The FTSE 100 has risen to a 17-month high as it flirted with the psychologically important 6,000 level lifted by encouraging data from China and renewed hopes of fiscal cliff deal.
The index of leading UK shares was up 37 points - or 0.6pc - at 5991.78 at 12.30pm, with miners dominating the leader board.
It later eased back, up 24.5 points at 5978 at 2.40pm. On Wall Street, the Dow Jones Industrial Average ticked up 23 points to 13136 in early trading.
Mining companies on the FTSE 100 (FTSE: ^FTSE - news) were boosted by data from China showing a recovery in profits at industrial firms, a sign that the country's economy is gaining momentum. ENRC, up 4pc, was the leading riser - one of seven mining groups in the top ten best performing companies in the index on Thursday.
"Its starting to look like a traditional cyclical rally. It's very thin volumes, but if you're looking for a correlation with events in China, then the miners are an obvious way to play that," Alan Higgins, Chief Investment Officer at wealth management firm Coutts, said.
Materials, financials and energy, the three leading cyclical sectors, combined to add more than 18 points to the index. Utilities, healthcare and consumer staples, considered "defensive" plays, were the only sectoral fallers.
Signs that the US budget impasse may be resolved before an end-of-year deadline supported the gains. US House Speaker John Boehner has offered to consider any bill the Senate produces and Barack Obama has returned early from his Christmas break in Hawaii to restart talks today.
Economists warn that the "fiscal cliff" of higher taxes and spending cuts worth $600bn could push the world's largest economy into recession, dragging other countries with it.

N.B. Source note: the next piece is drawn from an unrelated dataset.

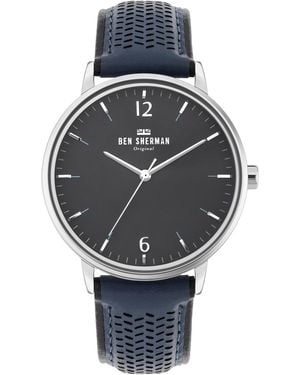 Ben Sherman Reloj Analógico Para Hombres De Cuarzo Con Correa En Plástico Wb038u - Metallic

"There is still hope for a last-minute deal, otherwise we're in for a correction in January. People have already priced in an agreement. Without it, the market can't stay at these levels," a Paris-based trader said.
However, gains in equities are likely to be limited until there is more concrete progress in Washington.

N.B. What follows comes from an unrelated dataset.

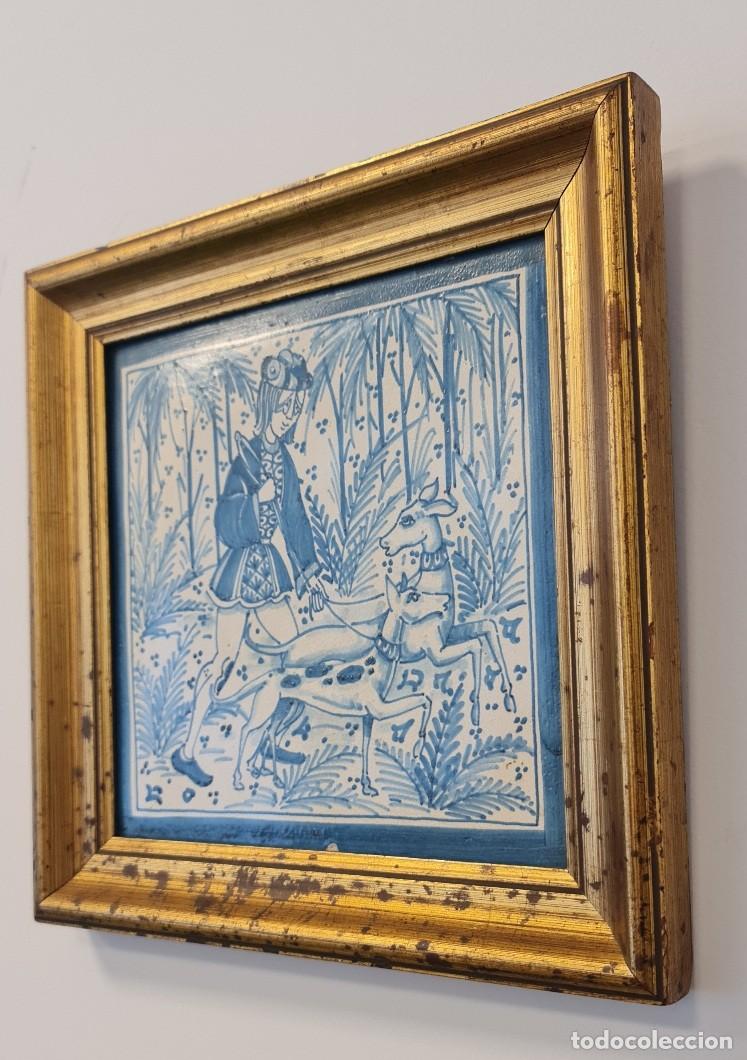 Antig&uuml;edades: Azulejo de colecci&oacute;n Cases Manises - Foto 3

Mike Mason, a senior trader at Sucden Financial Private Clients, said: "Until there is a resolution, the final sessions of 2012 are unlikely to really take off."

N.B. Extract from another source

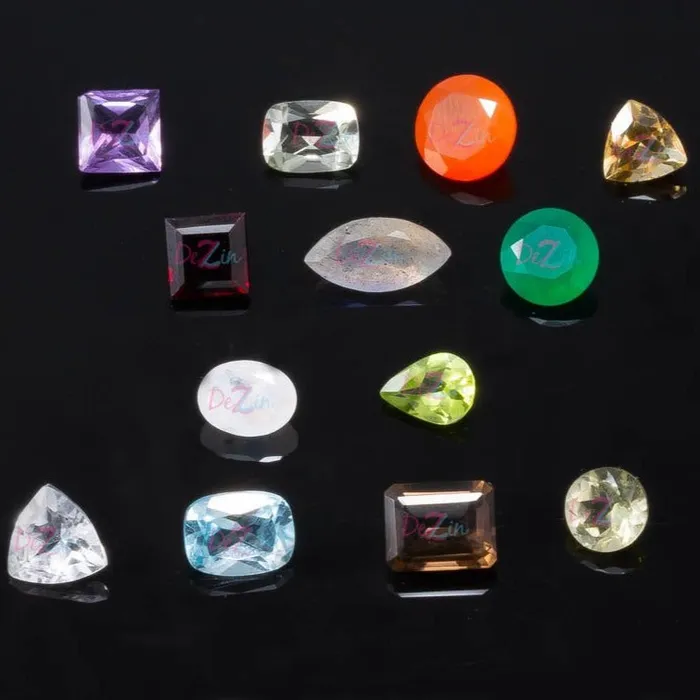 GEM0014 Earrings Loose Gemstones Triple AAA Mix 50 Carats Approx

Investors in UK stocks will also watch for a batch of US data later in the day, including weekly US initial jobless claims, December consumer confidence and November (Xetra: A0Z24E - news) new home sales numbers.
Labour department figures showed that applications for US jobless benefits fell 12,000 to 350,000 last week.
Against the yen, the dollar at 85.87 yen reached its highest since September 2010, with investors accelerating their yen sales after new Japanese Prime Minister Shinzo Abe said his government would pursue a bold monetary policy, a flexible fiscal policy and a growth strategy to encourage private investment.
The euro, which is being supported by a better outlook towards the euro zone, climbed 0.4 per cent to $1.3266.
Asian shares rose, with Tokyo scaling a 21-month high due to the weaker yen but it was held back by concerns about a US "fiscal cliff" deal.
Tokyo's benchmark Nikkei 225 index climbed 0.91pc, or 92.62 points, to 10,322.98, the highest level since March 11 last year when a massive quake struck Japan, sparking a tsunami and the worst atomic crisis in a generation.
Seoul closed 0.26pc higher at 1,987.35 and Sydney gained 0.28pc to 4,648.0. Hong Kong was up 0.36 per cent in afternoon trade while Shanghai eased 0.6pc.
US stocks fell overnight on continued uncertainty about whether a deal to avert the fiscal cliff a series of steep tax hikes and spending cuts worth some $600 billion due to take effect in January could be reached by the end of the month.
The Dow Jones Industrial Average finished down 0.19pc at 13,114.59. The broader S&P 500 lost 0.5pc and the tech-rich Nasdaq Composite shed 0.74pc.
The Treasury Department said on Wednesday that the government would hit its legal borrowing limit by Monday, setting in motion emergency measures to keep the government operating for several more weeks.
The Treasury's manoeuvring is designed to put off until February or March the prospect of a full-blown debt crisis, indicating that the US budget wrangling could continue well into 2013.